Barker goes on: “My file indicates that after returning to my office I drafted a letter which was hand delivered to Richmond Police Station to which Mr Soering had been taken. In this letter I requested that I be present when either of my clients were interviewed and I believe I also telephoned and spoke to the then chief Superintendent and I asked to be present when he was interviewed and I believe that I was told that Mr. Soering had signed the custody record as not wantinq a solicitor present.” Interestingly, Elizabeth Haysom made a different choice: “I was in the police station when I was present on 6th June and 7th June for interviews with Miss Haysom.”

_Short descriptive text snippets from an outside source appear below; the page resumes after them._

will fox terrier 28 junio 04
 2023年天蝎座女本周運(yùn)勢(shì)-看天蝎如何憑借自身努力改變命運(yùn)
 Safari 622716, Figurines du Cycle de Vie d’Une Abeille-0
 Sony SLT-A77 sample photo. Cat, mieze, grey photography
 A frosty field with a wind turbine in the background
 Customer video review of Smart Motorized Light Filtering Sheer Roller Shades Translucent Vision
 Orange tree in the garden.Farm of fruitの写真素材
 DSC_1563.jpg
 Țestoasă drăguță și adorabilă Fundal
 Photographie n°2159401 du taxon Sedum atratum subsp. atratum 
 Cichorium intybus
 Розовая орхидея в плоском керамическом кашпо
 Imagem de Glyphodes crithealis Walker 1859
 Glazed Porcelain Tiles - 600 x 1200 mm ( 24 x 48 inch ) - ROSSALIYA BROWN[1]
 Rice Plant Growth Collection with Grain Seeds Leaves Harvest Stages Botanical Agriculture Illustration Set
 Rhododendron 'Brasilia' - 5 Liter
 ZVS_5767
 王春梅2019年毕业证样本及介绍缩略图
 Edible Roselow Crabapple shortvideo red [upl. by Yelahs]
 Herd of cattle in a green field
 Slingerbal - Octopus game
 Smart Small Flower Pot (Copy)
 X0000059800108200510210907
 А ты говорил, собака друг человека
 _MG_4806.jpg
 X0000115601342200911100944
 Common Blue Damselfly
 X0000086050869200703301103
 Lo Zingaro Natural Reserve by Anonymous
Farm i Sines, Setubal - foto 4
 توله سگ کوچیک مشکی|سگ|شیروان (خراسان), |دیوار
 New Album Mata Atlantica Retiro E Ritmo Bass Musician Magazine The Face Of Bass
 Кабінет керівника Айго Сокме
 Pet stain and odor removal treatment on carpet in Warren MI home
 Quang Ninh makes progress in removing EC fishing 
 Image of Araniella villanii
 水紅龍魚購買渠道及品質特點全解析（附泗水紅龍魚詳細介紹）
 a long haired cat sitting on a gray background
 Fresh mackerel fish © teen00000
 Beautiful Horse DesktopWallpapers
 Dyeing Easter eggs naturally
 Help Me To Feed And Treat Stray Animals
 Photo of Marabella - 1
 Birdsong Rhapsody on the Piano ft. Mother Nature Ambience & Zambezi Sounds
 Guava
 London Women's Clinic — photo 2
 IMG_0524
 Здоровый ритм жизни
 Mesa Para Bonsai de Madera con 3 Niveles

So even without the custody log entry, the facts remain clear: Jens Söring freely chose to speak to police without his lawyer present. The police accurately informed Keith Barker that this was the case. Now the question is whether it’s important that Keith Barker wanted to be present when Söring was questioned. The answer, legally, is no. In the 1985 case of Moran v. Burbine, the US Supreme Court held that if a suspect has knowingly waived their right to the presence of a lawyer and decided to speak to police, then police don’t have to inform him that his lawyer has telephoned the police station and requested to speak to the suspect. The right to have a lawyer present is the suspect’s right, not the lawyer’s right. As long as the suspect has been informed of his rights and understands them, he is free to waive them, as Söring did. This is why all of Söring’s confessions were admissible.
This also helps us understand a clever tactic Söring uses whenever he is speaking to someone who doesn’t understand the facts of his case. He always carefully says things like “They didn’t let me talk to my lawyer” or “I never got to speak to my lawyer.” Söring never mentions that he himself declared in writing that he didn’t want his lawyer present. But he most certainly did, as he was forced to admit during the suppression hearing (2 March 1990, pp. 58-59):
Q And then again following the same procedure after that was done, you were asked [at 12:50 pm on 5 June 1986] whether you wanted a solicitor as soon as practicable or whether you wanted a solicitor at this time, weren’t you?
A Yes. I signed where It says, “I do not want a solicitor at this time.”
Q You did?
Q And you signed this indicating you did not want a solicitor at this time, right?
A At 12:50, yes.
So ultimately, the mistaken custody log entry changes nothing.